It has long been accepted that GDP is a woefully inadequate measure of national well-being. As Bobby Kennedy put it as far back as 1968, this type of macro-economic indicator “measures everything, in short, except that which makes life worthwhile.”. Since then, the Beyond GDP movement has gained momentum. Canada, for example, has introduced an Index of Wellbeing, and the OECD has organised the Better Life initiative. In the UK, the Office for National Statistics is leading the Measuring National Well-being programme, and has developed a well-being framework that includes multiple dimensions of life, including health, relationships, work, the natural environment, and political participation.
All this is good news. Any movement away from GDP fetishism towards a more holistic and meaningful definition of national well-being should be welcomed. However, in the midst of this progress, there is a danger that GDP fetishism might simply be swapped for unthinking devotion to another simplistic metric. Subjective well-being – measurements of how happy and satisfied people feel – is increasingly seen as a yardstick that provides a summary of all the other aspects of well-being.
A huge literature around the new science of happiness provides legitimacy for this type of thinking, and the term “well-being” is now often used simply as shorthand for the psychological state of happiness and satisfaction.
But subjective well-being (SWB) is not a reliable indicator of true, objective well-being. Poor and disadvantaged people might, for example adapt to their deprivation and mark themselves high on the life-satisfaction scale. A high subjective well-being score in this context might simply reflect people making the best of a bad lot.
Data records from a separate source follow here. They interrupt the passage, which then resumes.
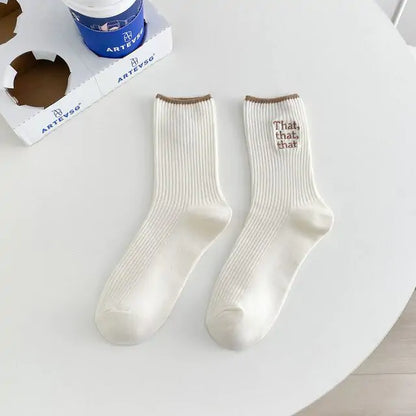 Elegant White Embroidered Socks for Women featuring a unique Japanese-style font design, displayed elegantly with a mix of cream and brown accents on a minimalistic table.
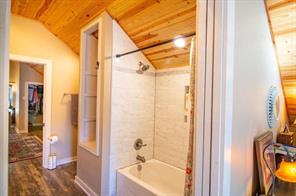 Bedroom featuring ceiling fan, hardwood / wood-style flooring, lofted ceiling, and ensuite bathroom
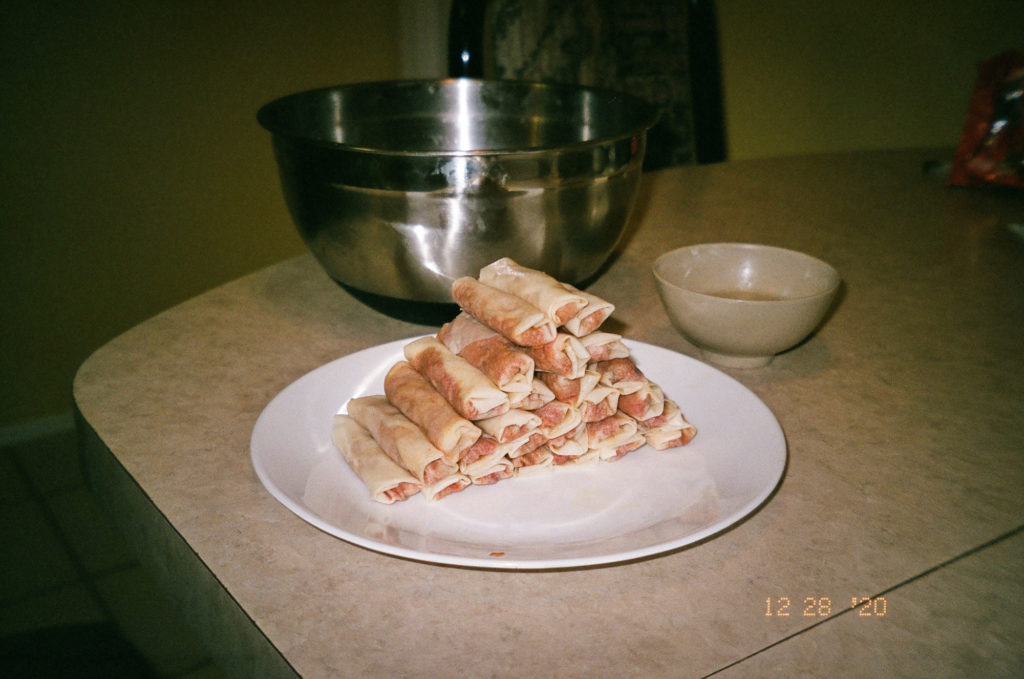 A white plate stacked high with lumpia.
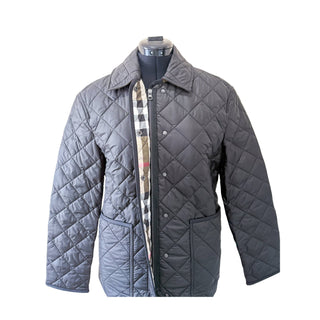 Front view of Burberry Dalry quilted jacket in black with classic silhouette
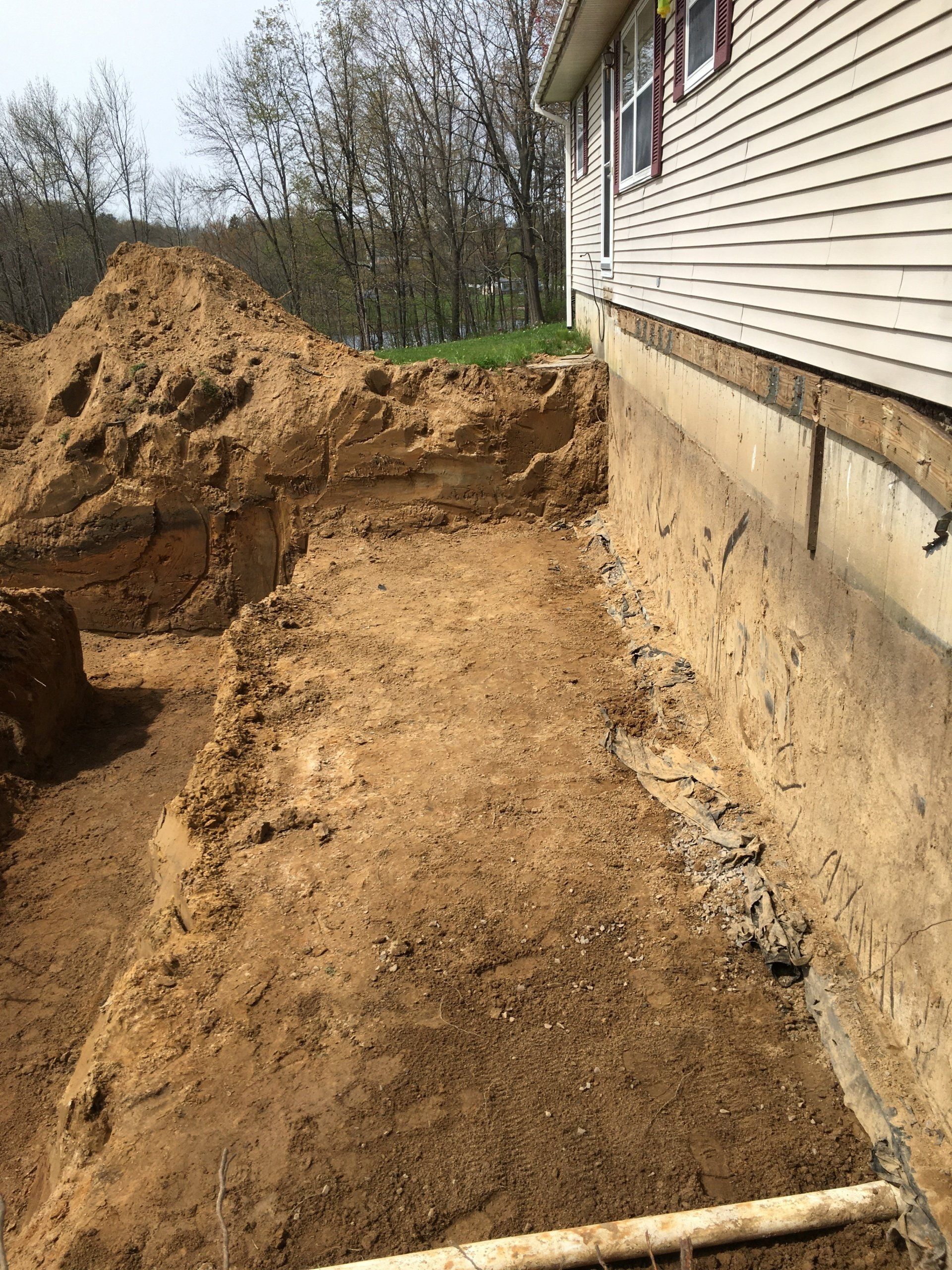 A large pile of dirt is sitting in front of a house.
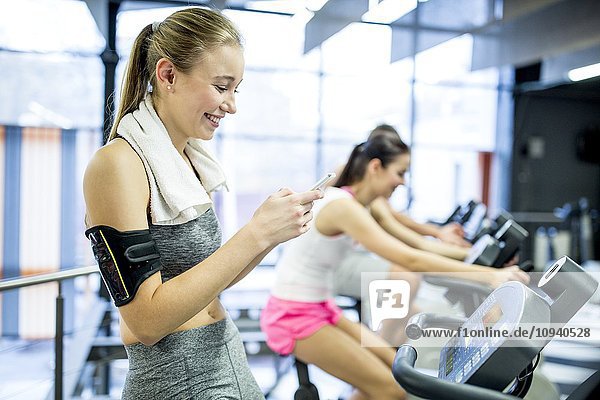 Woman using phone in gym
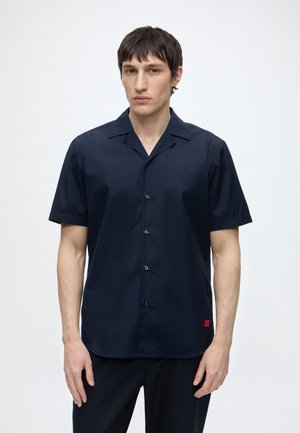 Homme portant une chemise bleu marine à manches courtes avec col, debout devant un fond clair uni.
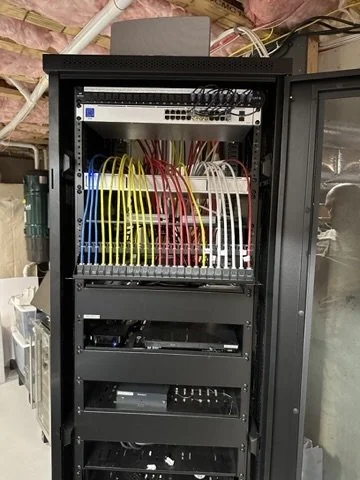 Patching Cat6 cables into a patch panel for a reliable network.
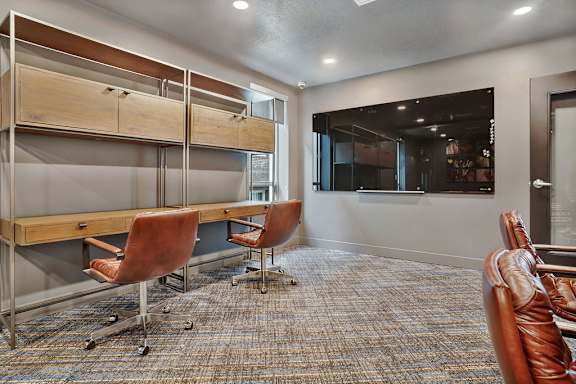 A room with a long table and chairs.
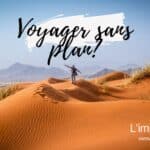 Personne debout sur une dune de sable dans un désert, montagnes en arrière-plan.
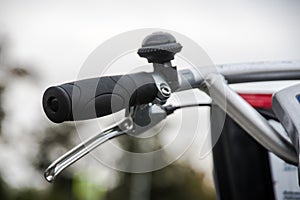 Bicycle handlebar, brake lever and bel close-up over blurred avenue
It doesn’t mean that poverty should be ignored.
In a similar vein, people whose caviar consumption decreases from once a week to once a month might suffer a drop in subjective well-being as a consequence, but the impact on their overall objective well-being is probably not worthy of much attention from the government.
The fact that average SWB does not always reflect the objective quality of people’s lives is evident from subjective well-being trends since the financial crisis of 2008. Even though the meltdown led to significant, objective hardship for many people, average subjective well-being in the UK remained stable.
Despite this serious problem, it might be that SWB has gained traction because of its shared historical roots with GDP. Both feed off the utilitarian tradition that human well-being boils down to maximising pleasure or satisfaction. Also, like GDP, SWB is a simple, quantitative, headline metric that lends itself to standard econometric methods. These shared roots and practical compatibility mean that SWB is an easy substitution for GDP as the principal measure of national well-being. However, like GDP, SWB also fails to capture many of the things that make life worthwhile.
So while we should welcome the idea of well-being becoming part of the way a government measures national success and progress, it looks a lot like the well-being agenda is being hijacked by utilitarianism. GDP and SWB are close cousins. A truly radical model would go beyond both.